Lix was embarrassed, obviously. Caught out. He was also frightened and aroused. For all his noisy confidence, he'd never had an unrelated woman in his room before. What might it mean? He watched her from the kitchen door, his arms stretched up to grip the lintel, his printed T-shirt riding high above his belt to inadvertently display an adolescent abdomen and the apex of his pubic hair.
She, too, seemed large and detailed, in a way she'd never been through his binoculars. Her outfit was familiar, of course, her general shape. He recognized the fashionable "Sandinista" tunic suit with its half sleeves and "rough-look" calf-length skirt. He recognized the matching spangled rebel scarf. But mostly she was unfamiliar. The angle, for a start, was different. He'd mostly seen her from above, the shoulders and the head. Binoculars had shortened her. Binoculars diminish the world, reduce the senses to one. Precision optical instruments, no matter how finely ground, fogproof, waterproof, and vision-adjusted, could not hope to convey true proximity, the candid softness of the flesh, the spiciness of scent, the rustling, independent simpering of clothes, the clink of her bracelets, the perfect imperfections and the blemishes of someone close to thirty years of age. Until that night, he'd only seen this woman from afar.

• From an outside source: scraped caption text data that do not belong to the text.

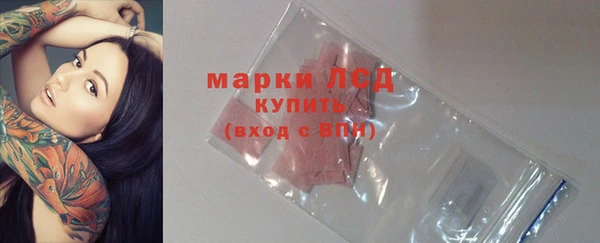 хмурый Белокуриха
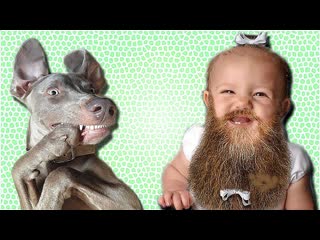 funny jokes of people and animals humor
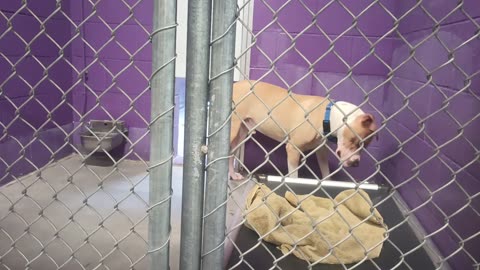Titan 2.5y Pet Id 947131 kennel 25 HSSAZ shelter can be kinda moody 2 me but he's fine20250711_169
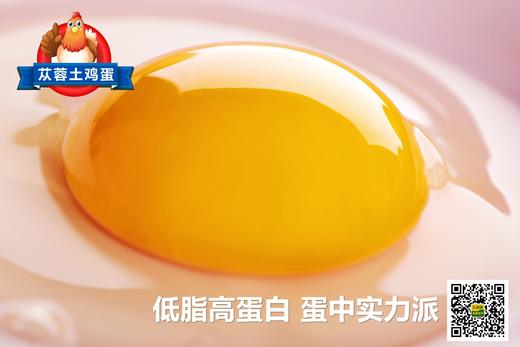 七木格苁蓉溏心鸡蛋30枚 商品图1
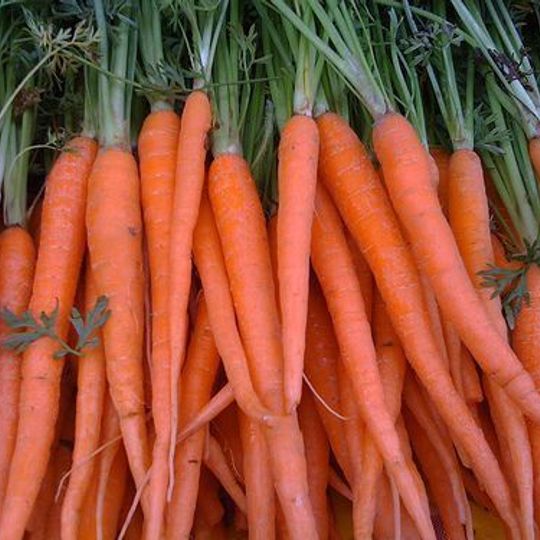 Organic Carrots - Baby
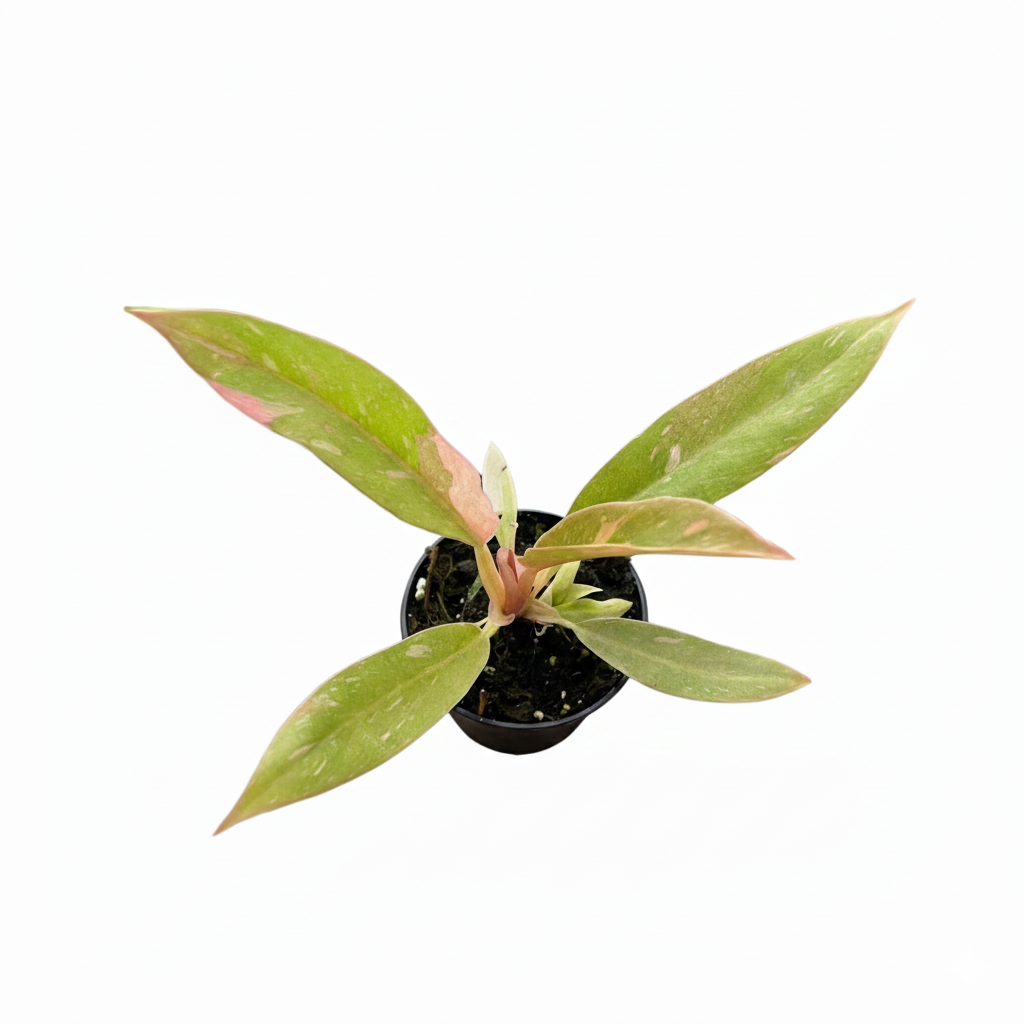 2 inch Philodendron Ring of Fire Variegated, rare tropical houseplants, small indoor plants for small space, Philodendron Ring of Fire Variegated for sale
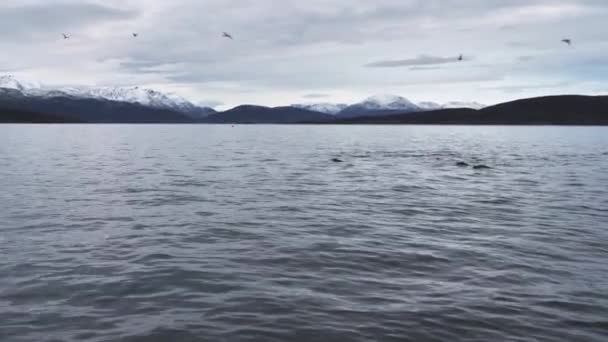 Orcas Berburu Untuk Ikan Haring Fjord Dari Utara Musim Dingin — Stok Video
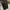Prada Vitello Daino Leather photo 7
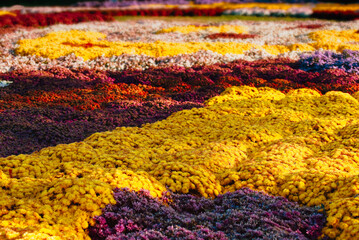 Fototapeta na wymiar Field of mums in colorful patterns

Lix, actually, like many young men, was practiced in the art of watching women from afar, not always through binoculars, of course, but women he could only dream of touching, women he could only scheme about: his voice tutor at the Arts Academy, the swan-necked student called Freda from one of the science faculties, the daughter of the concierge at his apartment house, the overscented cashier in the campus cafeteria, the tiny half-Greek actress in his course, the bursar's haughty wife in her white suits, the many tough and visionary women in
cf0his "groups," and-let's admit the universal truth-any female under fifty simply chancing into view. All worshipped from afar. They'd all be judged and sifted, feeding his mind's eye, as casually and unself-consciously as a sea anemone might sift the random flotsam in its reach.
When you're that young and inexperienced you take in fantasies with every breath. You mean no harm. But then you don't expect a distant fantasy to walk up to your room. You don't imagine that the woman waiting for her boyfriend every evening after work in the sidewalk cafe below your kitchen window will ever be so close and intimate except through your binoculars. You cannot know, might never know, that she will be the mother of your eldest child.
She'd noticed him standing there with his binoculars many times in the preceding weeks, behind the twitching curtains in the rented rooms. The shifting lenses caught the light and signaled to the street. As did the pale and transfixed face beyond, with its dark birthmark on the upper cheek. She hadn't minded that he was spying on her. Being watched and waiting for your lover was much less tedious than simply waiting unobserved. She did not display herself, exactly. She stayed demure; crossed legs, with a newspaper or magazine to read, perhaps, or a letter to write to her sister in Canada. Sometimes a book. Occasionally a cigarette. She always seemed so self-contained and concentrated, this little information clerk in her expressive outfits. Always looking down. She had learned to watch the upper window in the building opposite without lifting her head. Men weren't as undetectable as they imagined. And she did seek out the best-lit tables in the sidewalk cafe, the ones most favored by the evening sun, the ones directly opposite the snooper's room. She liked this silent and seductive rendezvous.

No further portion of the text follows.